[Task data]

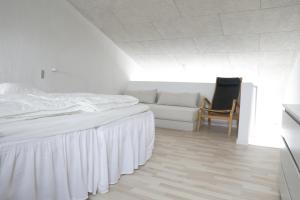 Unique, newly renovated home on Strandvejen close to the sea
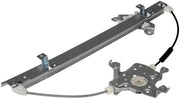 Window Regulator Dorman-OE Solutions 752-435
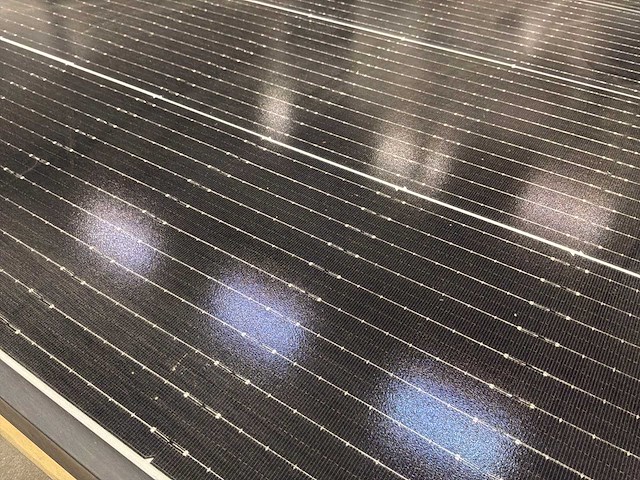 Libra energy mc4-evo2 420wp mono 108cellen zonnepaneel - afbeelding 7 van  8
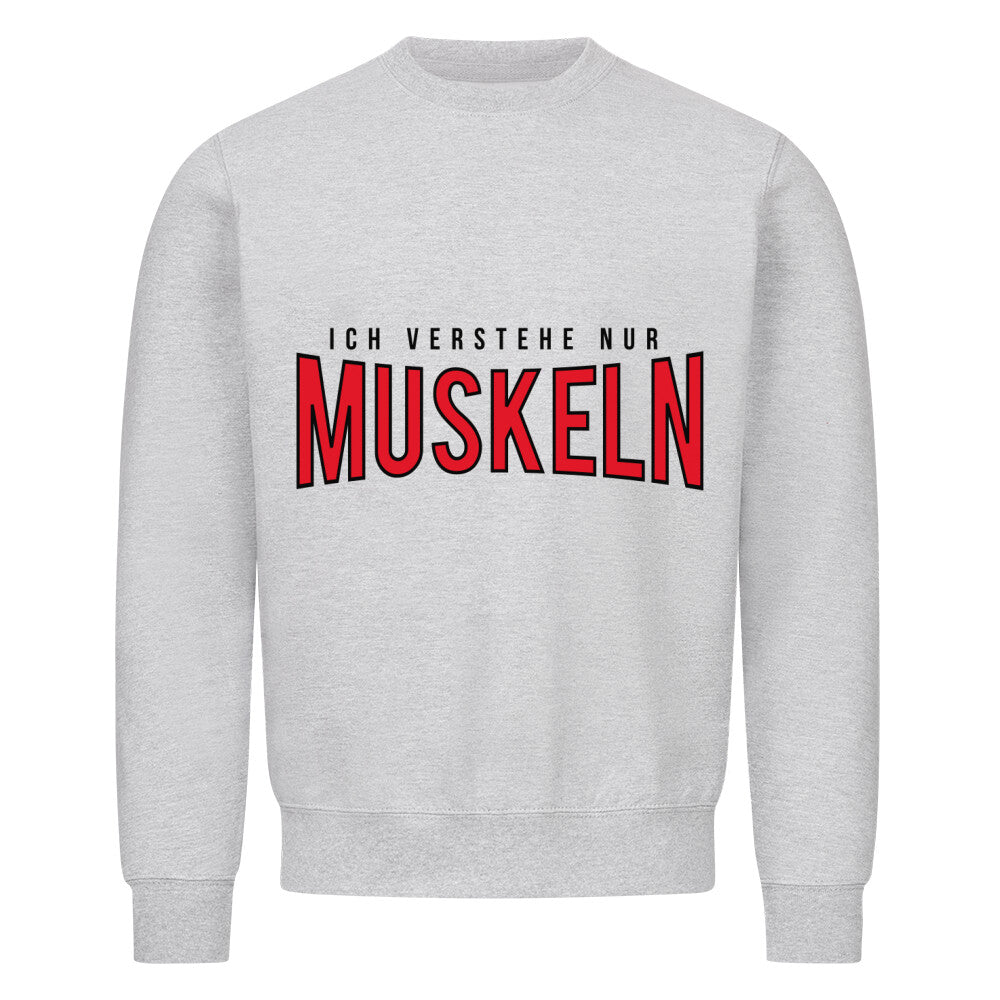 Classic Sweatshirt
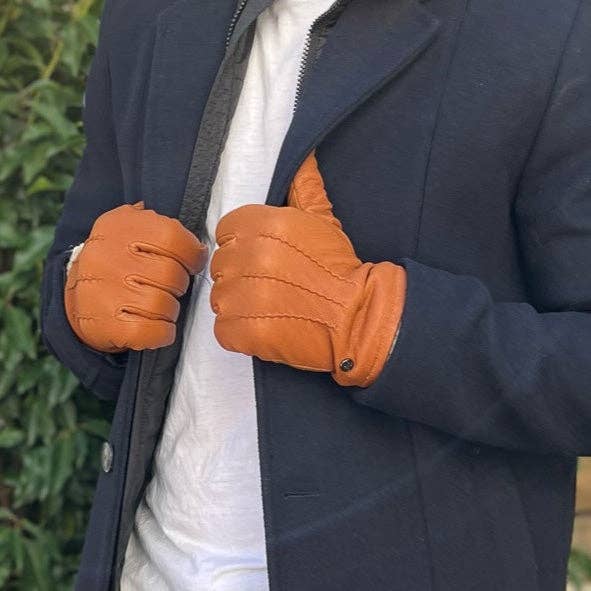 Hand Gewand HG GmbH - Wholesale Gloves - Unisex - Harry Ein Hirsch für alle Fälle6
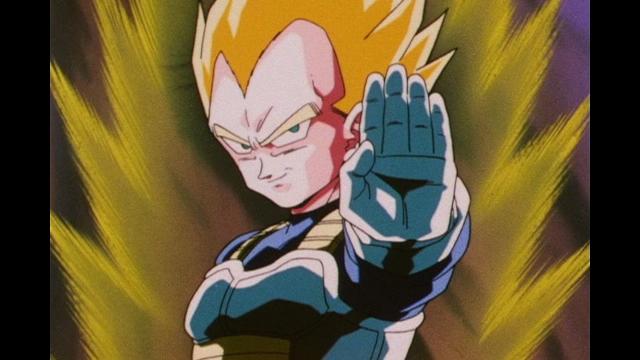 Dragon Ball Z - Arc 4 Épisode 135 : Un cyborg sans peur et sans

[/Task data]

Only the text of the entries belongs in the answer, copied exactly; the pictures stay out.

▶ Answer box
 Unique, newly renovated home on Strandvejen close to the sea
 Window Regulator Dorman-OE Solutions 752-435
 Libra energy mc4-evo2 420wp mono 108cellen zonnepaneel - afbeelding 7 van  8
 Classic Sweatshirt
 Hand Gewand HG GmbH - Wholesale Gloves - Unisex - Harry Ein Hirsch für alle Fälle6
 Dragon Ball Z - Arc 4 Épisode 135 : Un cyborg sans peur et sans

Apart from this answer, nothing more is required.